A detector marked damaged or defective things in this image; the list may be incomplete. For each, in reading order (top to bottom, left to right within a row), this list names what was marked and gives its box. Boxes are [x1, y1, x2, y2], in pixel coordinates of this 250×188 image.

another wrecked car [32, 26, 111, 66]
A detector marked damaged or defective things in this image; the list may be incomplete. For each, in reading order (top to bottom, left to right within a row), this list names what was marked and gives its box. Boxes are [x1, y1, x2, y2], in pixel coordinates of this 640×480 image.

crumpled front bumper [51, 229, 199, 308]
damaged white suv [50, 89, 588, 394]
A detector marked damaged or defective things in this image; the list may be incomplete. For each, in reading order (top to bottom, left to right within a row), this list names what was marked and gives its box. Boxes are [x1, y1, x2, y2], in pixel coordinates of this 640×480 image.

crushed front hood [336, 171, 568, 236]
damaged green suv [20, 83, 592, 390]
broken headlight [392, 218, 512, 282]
○ ○ ○ ○ ○
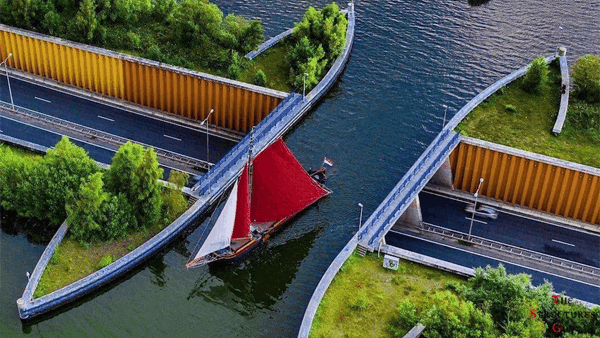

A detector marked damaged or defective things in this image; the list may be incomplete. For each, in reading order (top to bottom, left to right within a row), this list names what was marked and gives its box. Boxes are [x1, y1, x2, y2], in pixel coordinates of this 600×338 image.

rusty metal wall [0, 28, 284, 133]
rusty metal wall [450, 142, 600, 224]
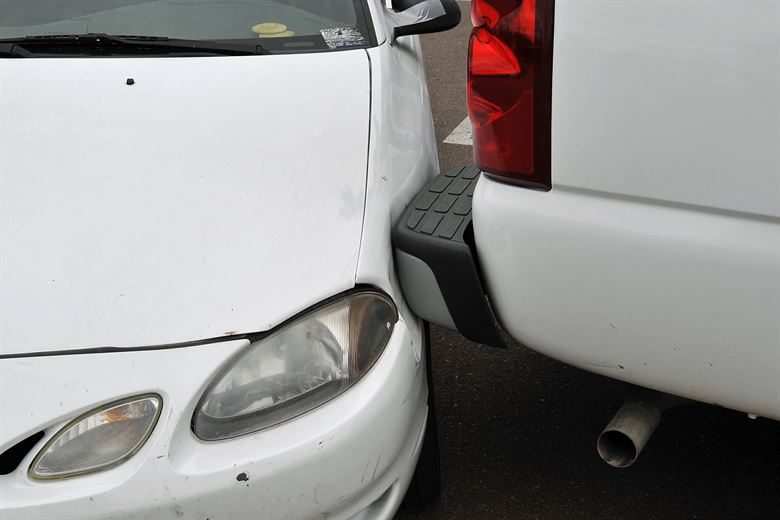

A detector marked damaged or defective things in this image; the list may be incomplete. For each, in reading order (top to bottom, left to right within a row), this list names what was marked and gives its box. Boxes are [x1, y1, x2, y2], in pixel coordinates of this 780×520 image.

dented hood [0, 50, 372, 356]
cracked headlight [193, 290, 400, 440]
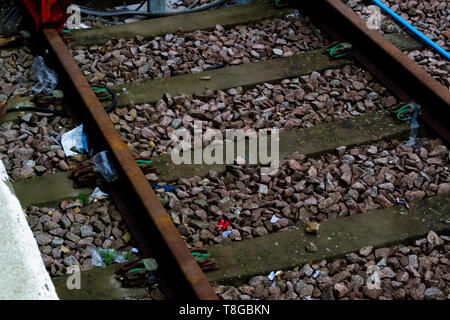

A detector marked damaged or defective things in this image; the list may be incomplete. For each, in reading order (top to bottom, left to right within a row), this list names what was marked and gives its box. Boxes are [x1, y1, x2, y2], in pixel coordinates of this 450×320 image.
○ ○ ○ ○ ○
Directions for this task — Print exactly the lines above that run from the one with "this 780×520 image." down to the one with "this 450×320 image.", and omit the pictures.

Result for this task —
A detector marked damaged or defective things in this image; the list may be incomplete. For each, in reading order (top to bottom, left to right within a row), this list names what was marked and gives its box. Boxes are [x1, y1, x2, y2], in pixel coordinates of this 780×520 image.

dented hood [0, 50, 372, 356]
cracked headlight [193, 290, 400, 440]

A detector marked damaged or defective things in this image; the list may be incomplete. For each, in reading order (top to bottom, left to right within a row), this list names what was marked and gives its box. Boxes are [x1, y1, x2, y2], in pixel coordinates of this 450×320 image.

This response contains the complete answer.